Some might say that we shouldn’t talk about Pootoogook as street-involved, or about the violent way she died. Some would say that talking about Pootoogook’s life and death on the streets of Ottawa is a dishonour to her legacy and memory. But this kind of judgment, which degrades people who use substances and drink, is merely a holdover of colonial Catholicism masked as “tradition.” City-kid coping mechanisms, just like Kablusiak depicts with their soapstone sculptures. Working as a community street-outreach worker in Montreal, I met many street-involved Inuit deserving of dignity and respect. There is no dishonour in being Inuit and street-involved in a world that functions to eliminate Inuit life to make way for a colonial order. Thinking about the mind-boggling figures that went into putting on the reconciliation conference, and thinking about when I was an outreach worker and the small funds we had to stretch to support as many people as we could—to prevent the deaths of street-involved Indigenous peoples who are never present or represented in (performative) spaces of reconciliation—I would argue that the dishonour lies in industry alone. And, in the case of Pootoogook’s profound work, legacy and life, the dishonour certainly lies in the Inuit art industry.
“I implore all administrators in this room to stop caring only when we die, or when there is a flashy conference about the Indigenous topic du jour.

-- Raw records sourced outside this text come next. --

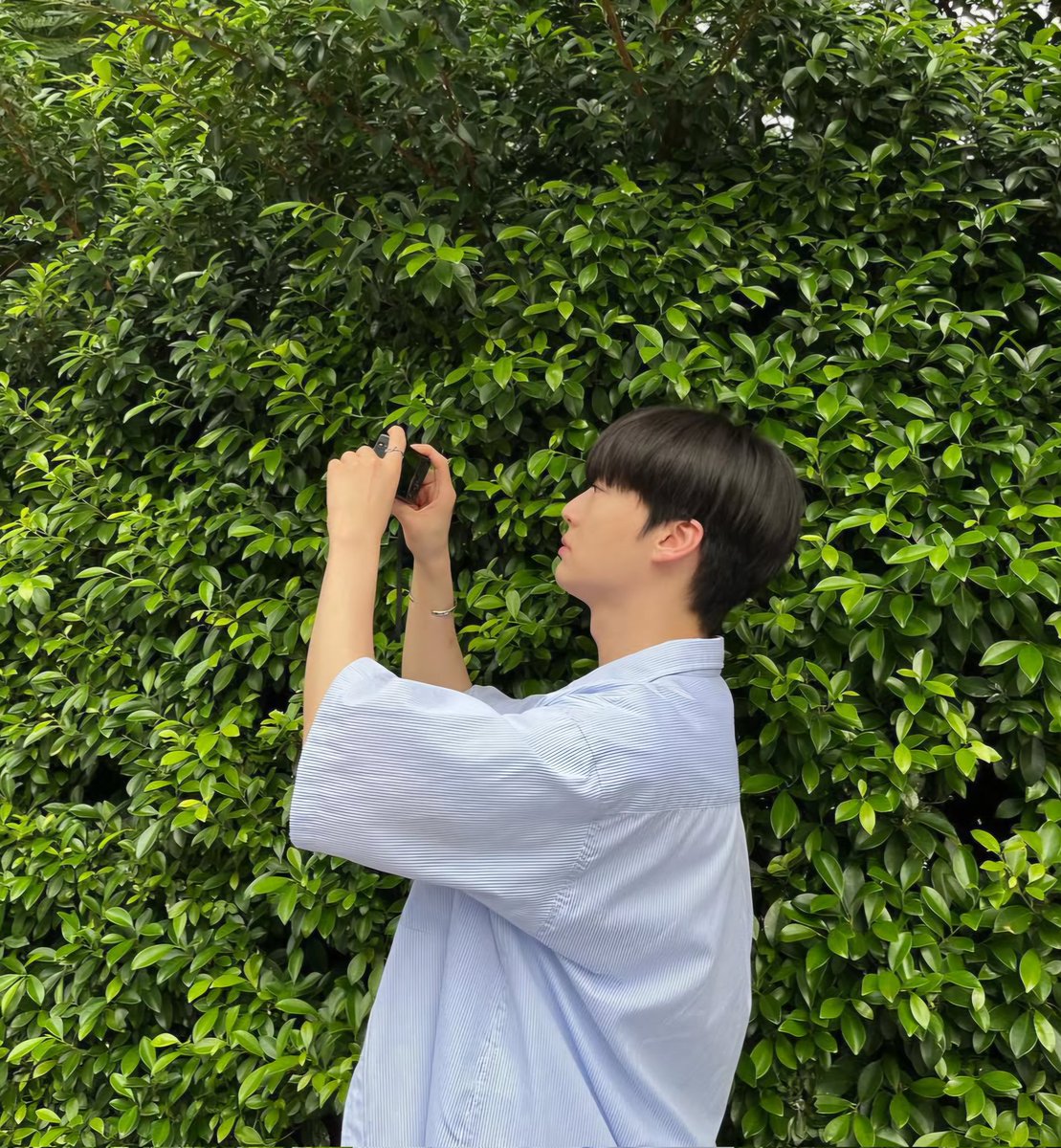 🌿
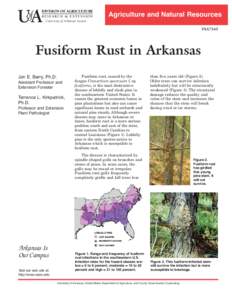 DIVISION OF AGRICULTURE RESEARCH & EXTENSION Agriculture and Natural Resources  University of Arkansas System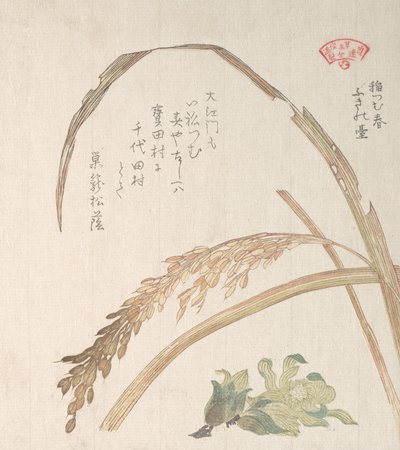 Planta de arroz e Butter-Burs, século XIX. de Kubo Shunman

You need to start caring now,” I finished.
This is the skewed legacy we, the next generation, inherit. How do we reconcile performative attempts to make the Inuit art industry more ethical with the fact that Inuit continue to experience economic and social disparity because of that very industry? Confronting dangerous truths means confronting an art industry, and all the actors within it, that has long been exploitative of Inuit. For “SPACETIME” editors asinnajaq and Kablusiak, Inuit futures are ensuring that all their kin’s truths are heard, and that any industry profiting from Inuit art is responsible to Inuit communities.